## EXERCISE:
What are the lines, copied exactly, from the one containing "Seichou Cheat de" through the final line of the material? Leave the pictures out.
*** EXTRACTED MATERIAL Section Begins ***
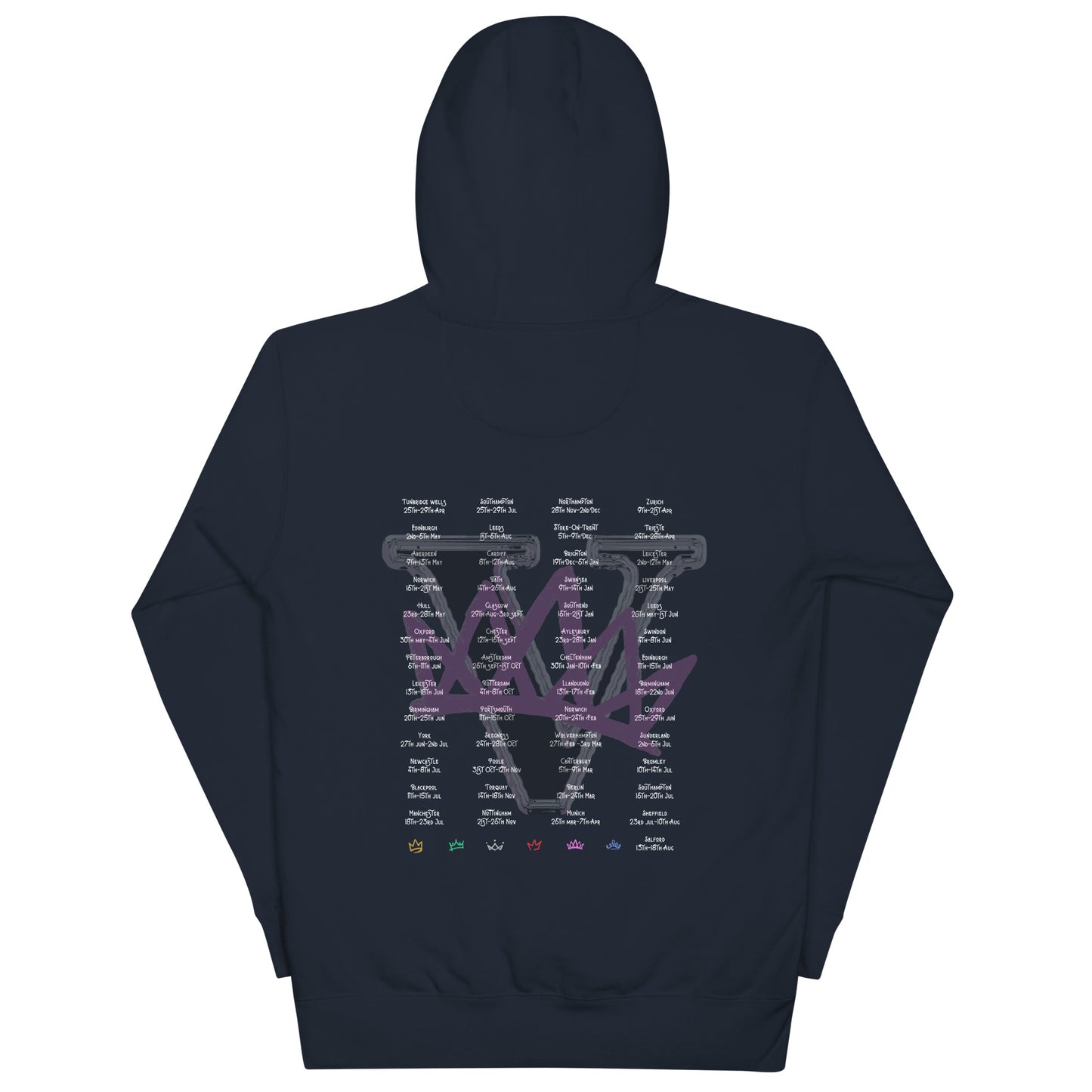 Howard 23/34 Tour Unisex Hoodie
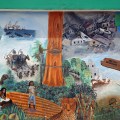 Mural in San Ignacio: Welcome to&nbsp;Belize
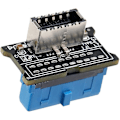 Pikkukuva 1 / 5: Tietokoneen emolevyn USB 3.0 19-nastainen Type-C -paneeliin Er Type-E -sovitin 20-19 nastainen laajennus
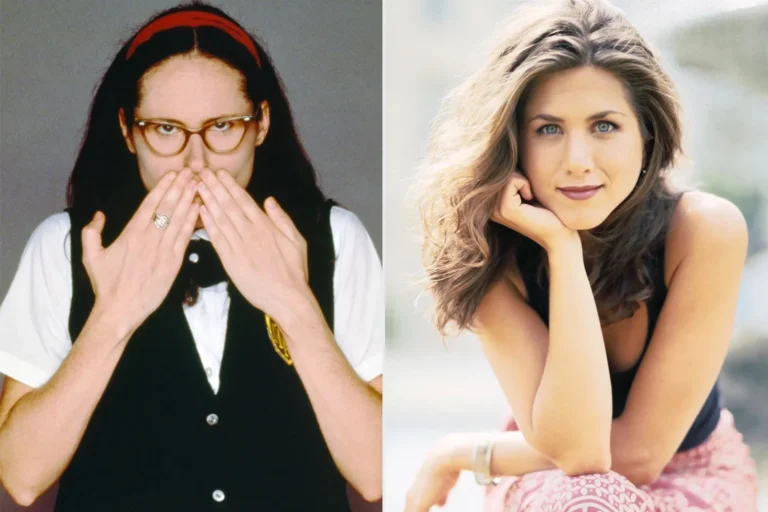 Tendência de estilo: Molly Shannon e Jennifer Aniston antes da fama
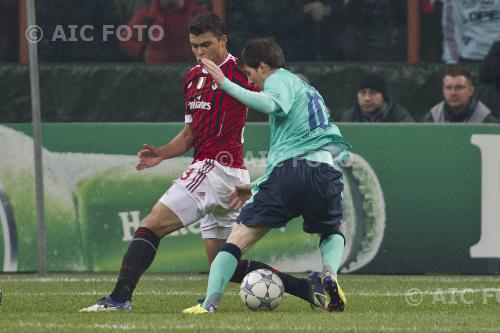 Barcelona Thiago Silva Milan 2011 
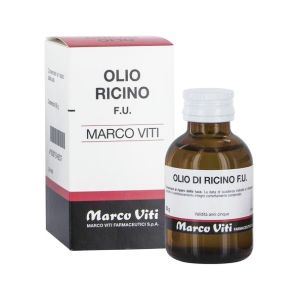 Olio Di Ricino Farmacopea Ufficiale 50g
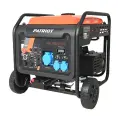 Инверторный бензиновый генератор PATRIOT iGN 7500AWS, бак 20 л, 15 л. с./7.5 кВт, масляный картер 1.1 л, черный
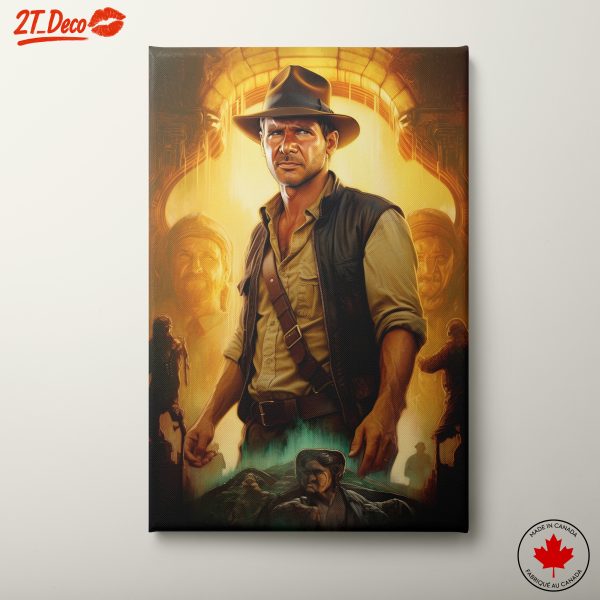 Action Adventure Character Artwork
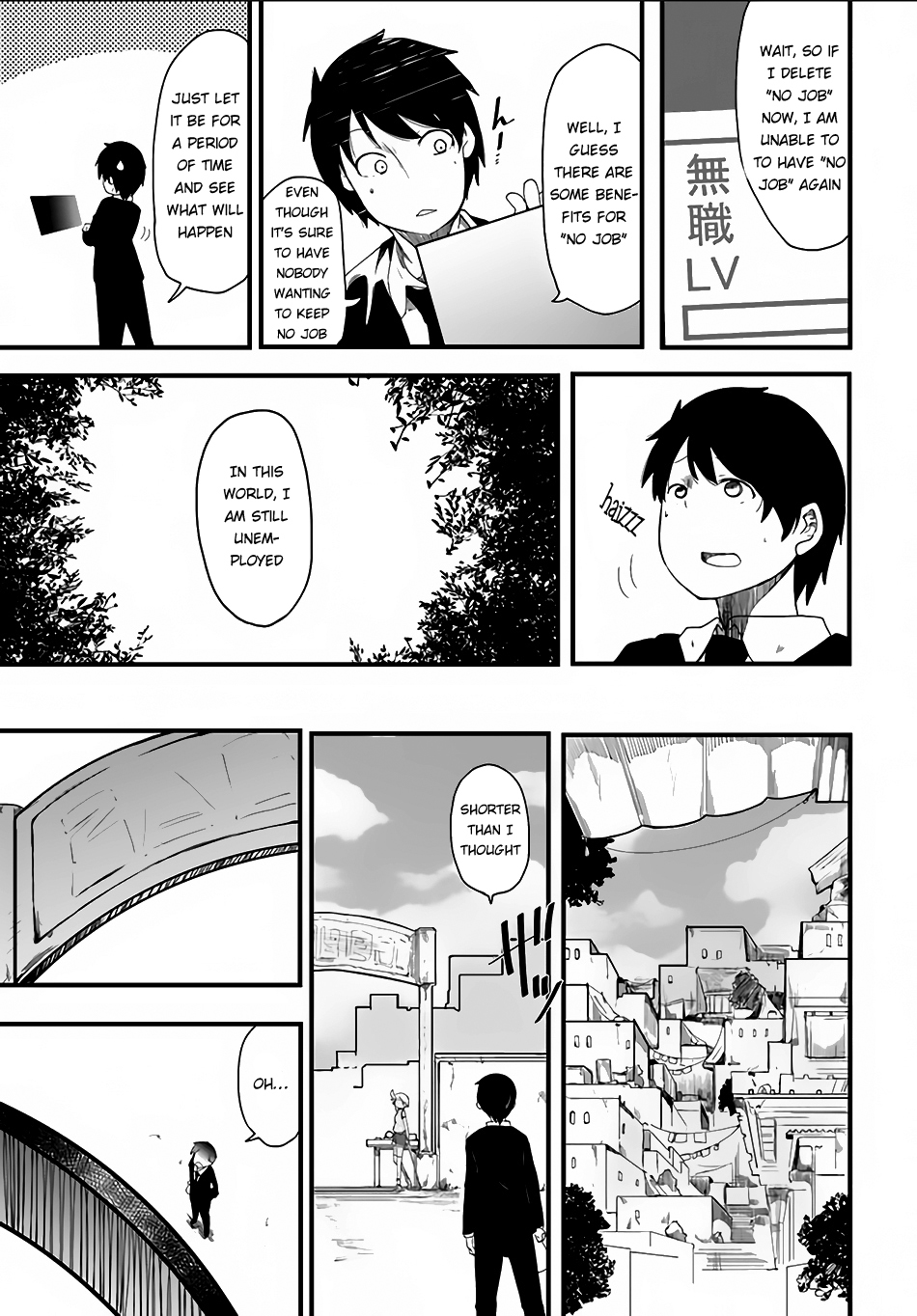 Seichou Cheat de Nandemo Dekiru You ni Natta ga, Mushoku Dake wa Yamerarenai You Desu Chapter 1 27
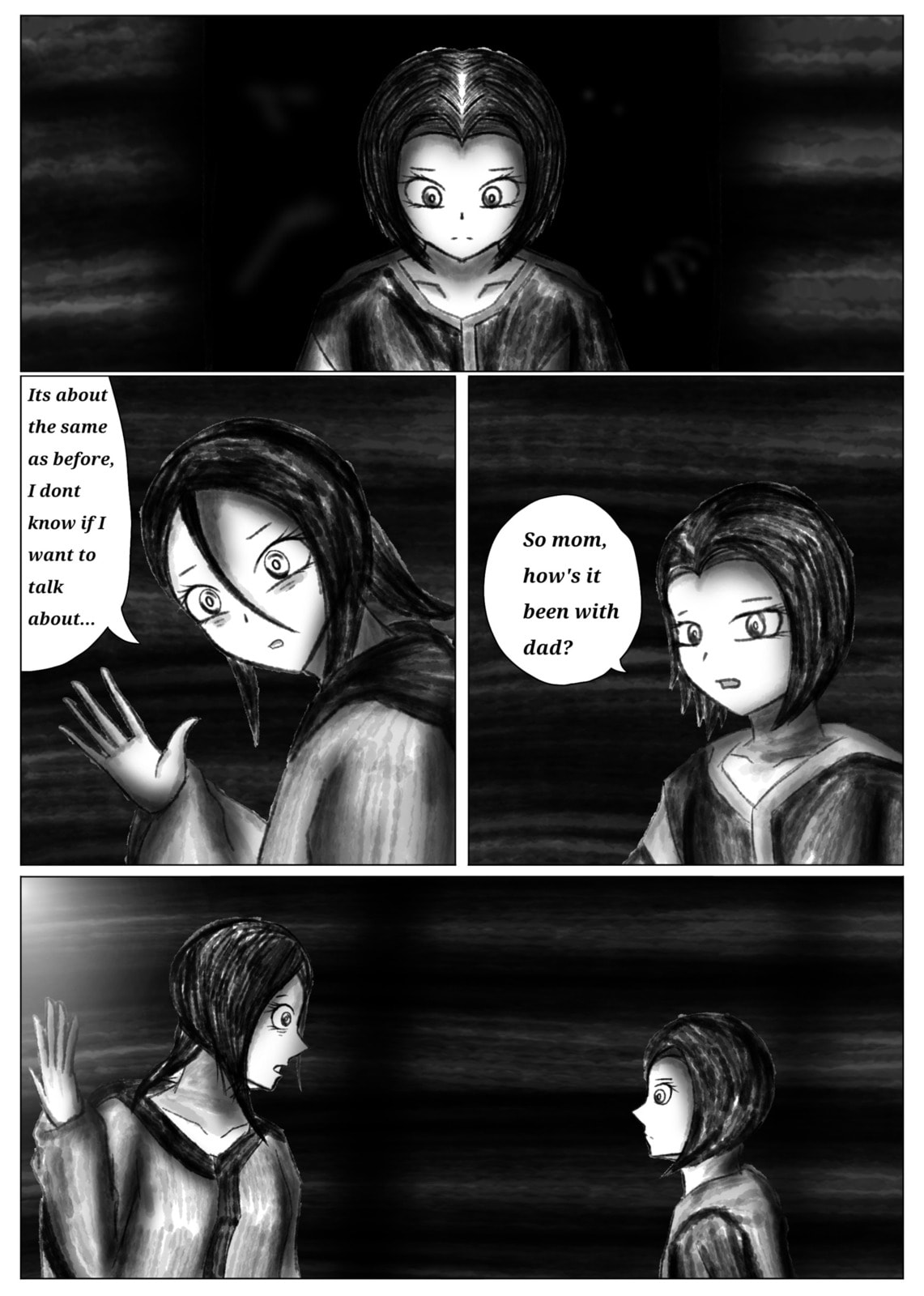 Lucifer's Wish Chapter 5 page 9 -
*** EXTRACTED MATERIAL Section Ends ***
## RESPONSE TO THIS TASK:
 Seichou Cheat de Nandemo Dekiru You ni Natta ga, Mushoku Dake wa Yamerarenai You Desu Chapter 1 27
 Lucifer's Wish Chapter 5 page 9 -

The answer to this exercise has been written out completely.